It is common engineering practice to "fit a line" to a set of data in order to determine some useful parameter in a mathematical model or perhaps to generate a calibration curve. A straight line is a simple polynomial and goal of the fit is to determine the coefficients (the slope and intercept) of the polynomial that lead to the "best fit" of a line to the data.
The fitting process can be generalized to determine the coefficients of the Nth-order polynomial that best fits N+1 (or more, usually) data points. The determination of the coefficients is usually termed "polynomial regression" and, in MATLAB, is accomplished by the function polyfit.
There is more to life than fitting just polynomials to data. Check here for other options in Fitting Land.
Assuming you have two N-by-1 vectors of data values, x and y, the best coefficients for a straight-line fit (in the least-squares sense) are found through the command
coeff = polyfit(x,y,1)while those for the least-squares polynomial fit of degree n (< N-1) are found by
coeff = polyfit(x,y,n)
Make sure that x and y are the same shape (i.e., both art row vectors or both are column vectors) or you'll get an error.
Note that here is a very definite order of the coefficients in the vector coeff: the coefficient of the highest order monomial comes first and the rest follow in descending order (down to the constant term). Thus, for a straight-line fit,
slope = coeff(1) intercept = coeff(2)
Also, note that the coefficients from polyfit are
returned as a row vector.
1. Does the fit look good?
A picture is worth a thousand words and so a plot of the curve that represents the fitted polynomial overlaid on the data is a powerful way of assessing the quality of the fit. Using the coefficients determined by polyfit, you can create such a plot via the commands
coeff = polyfit(x,y,n) xfit = linspace(min(x),max(x),npts) yfit = polyval(coeff,xfit) plot(x,y,'o',xfit,yfit)
where n is the order of the polynomial you are fitting and npts is the number of points used to plot the polynomial you are fitting. npts = 2 is fine for a line but more points would be needed to make something like a cubic equation (with all its curves) look nice. Try something like 200 for npts to start things off.
It is important that the coefficients returned by polyfit are used without truncation (i.e., they should be used to full machine precision). This is accomplished by using the output of polyfit (the variable coeff) directly as the input to polyval.
2. Are the residuals small and unpatterned?
The residuals are defined as the mismatch of the predicted values of ypred (computed using the x-values in the data you are trying to fit) and the actual (data) values of y.
If the coefficients of the fit are given in the vector coeff, the residuals are calculated via the commands
ypred = polyval(coeff,x); % predicted values resid = y - ypred; % mismatch
Two different plots of the residuals can sometimes be quite helpful:
A. A plot of the residuals versus the predicted values
plot(ypred,resid,'o')
should not show any patterns or trends. The plot should simply show random noise, according to the theory that underlies all the computations in polyfit. The degree of pattern and trend is a very good measure of the quality of the fit (no trend = good fit). If there is a trend, your model is missing something!
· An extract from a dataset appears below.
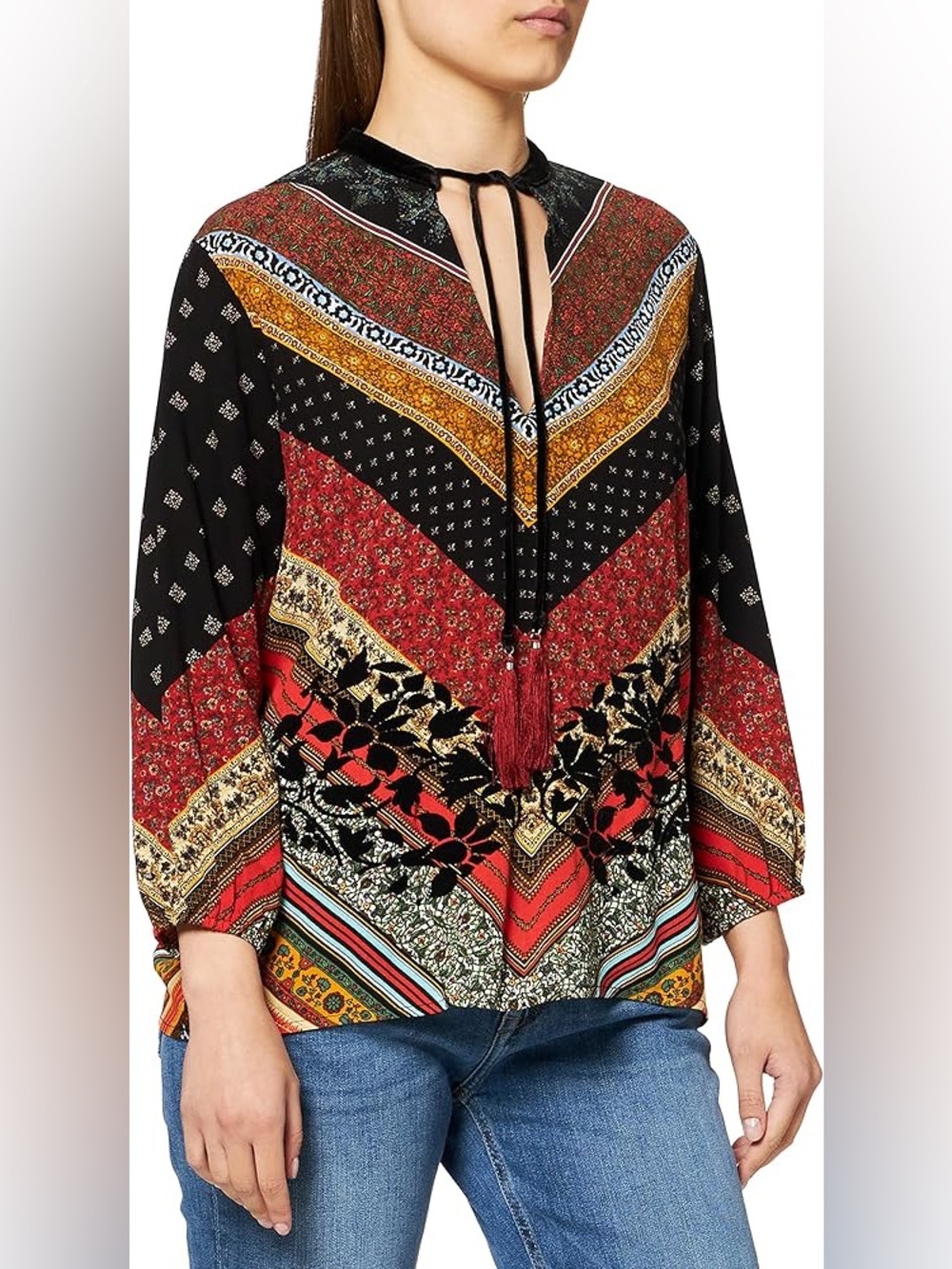 Desigual Lucia Blouse with Velvet Accents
B. A normal-probability plot of the residuals should be a straight line if the premises of linear regression are correct and if the fit is good. If the Statistics toolbox is avalilable, the function normplot will do this for you. An alternative is to use nsplot from BISKIT (available at Bucknell).
Numerical methods for assessing the fit are given
below.
For what follows, it is assumed that you have a set of x-y data pairs and that you have used polyfit to compute the coefficients for a polynomial of given order (and have stored in a vector called coeff).
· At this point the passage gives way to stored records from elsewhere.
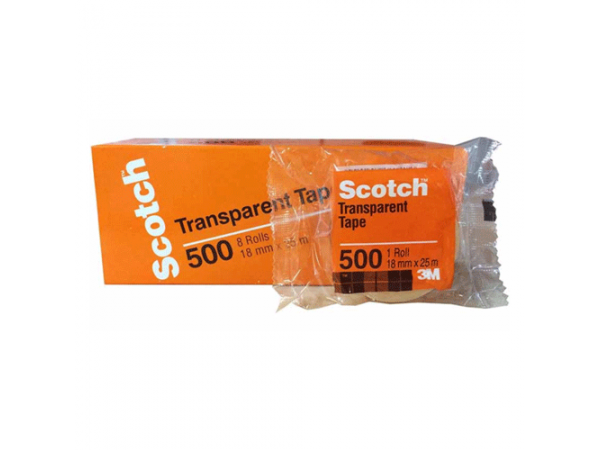 3M Scotch Transparent Tape 18mm x 25m (3/4 Inch) 500
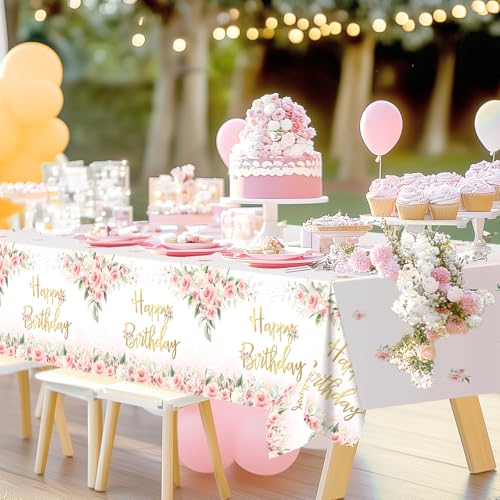 Rose Gold Floral Birthday Tablecloths - 3 Pack, 108 x 54 Inch
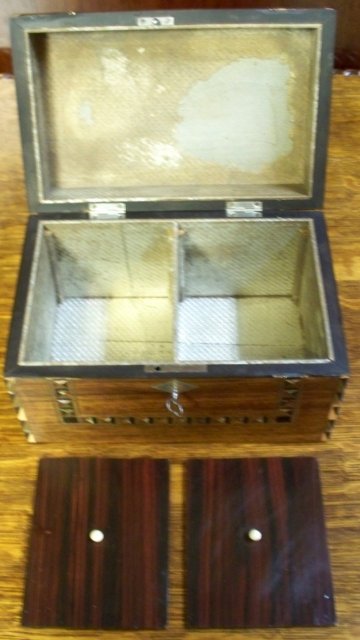 Victorian Rosewood English TEA Caddy Inlays of Silver, Abalone, & Ebony, 1860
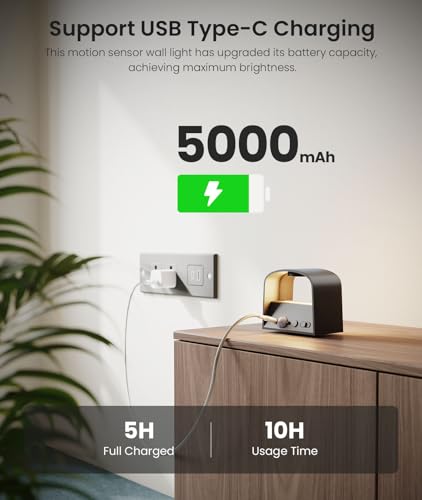 FULEN Motion Sensor Wall Light with Remote Control 3 Colors Wireless Wall Lamp LED Indoor Up and Down Wall Sconce 5000mAh Rechargeable Battery Powered Wall Lamps Brightness Adjustable, 2 Pack - color: Black - 2 Pack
ypred = polyval(coeff,x); % predictions dev = y - mean(y); % deviations - measure of spread SST = sum(dev.^2); % total variation to be accounted for resid = y - ypred; % residuals - measure of mismatch SSE = sum(resid.^2); % variation NOT accounted for Rsq = 1 - SSE/SST; % percent of error explained
The closer that Rsq is to 1, the more completely the
fitted model "explains" the data.
f = MSR/MSE
where MSR = SSR/dfr and MSE = SSE/dfe. The statistic is computed via the following commands (which assume the commands given above for the R2 computation have been executed)
SSR = SST - SSE; % the "ANOVA identity" dfr = <order of the polynomial> dfe = length(x) - 1 - dfr; % degrees of freedom for error MSE = SSE/dfe; % mean-square error of residuals MSR = SSR/dfr; % mean-square error for regression f = MSR/MSE; % f-statistic for regression
"Large" values of this f-statistic (typically > 6 but check an
F(dfr,dfe)-table to be sure)
indicate that the fit is significant.
The standard errors may be obtained from an alternate use of polyfit. Specifically, if polyfit is used to provide two outputs,
[coef,S] = polyfit(x,y,n)
the second output is a structure that contains three fields (as of version
5.2, at any rate):
R = S.R; % The "R" from A = QR d = (R'*R)\eye(n+1); % The covariance matrix d = diag(d)'; % ROW vector of the diagonal elements MSE = (S.normr^2)/S.df; % variance of the residuals se = sqrt(MSE*d); % the standard errors t = coef./se; % observed T-values
Note that a transpose is used when the diagonal elements are extracted from the covariance matrix. If this step is omitted, there will be a mismatch of dimension in the ./ step that follows because polyfit returns a row vector while diag returns a column vector.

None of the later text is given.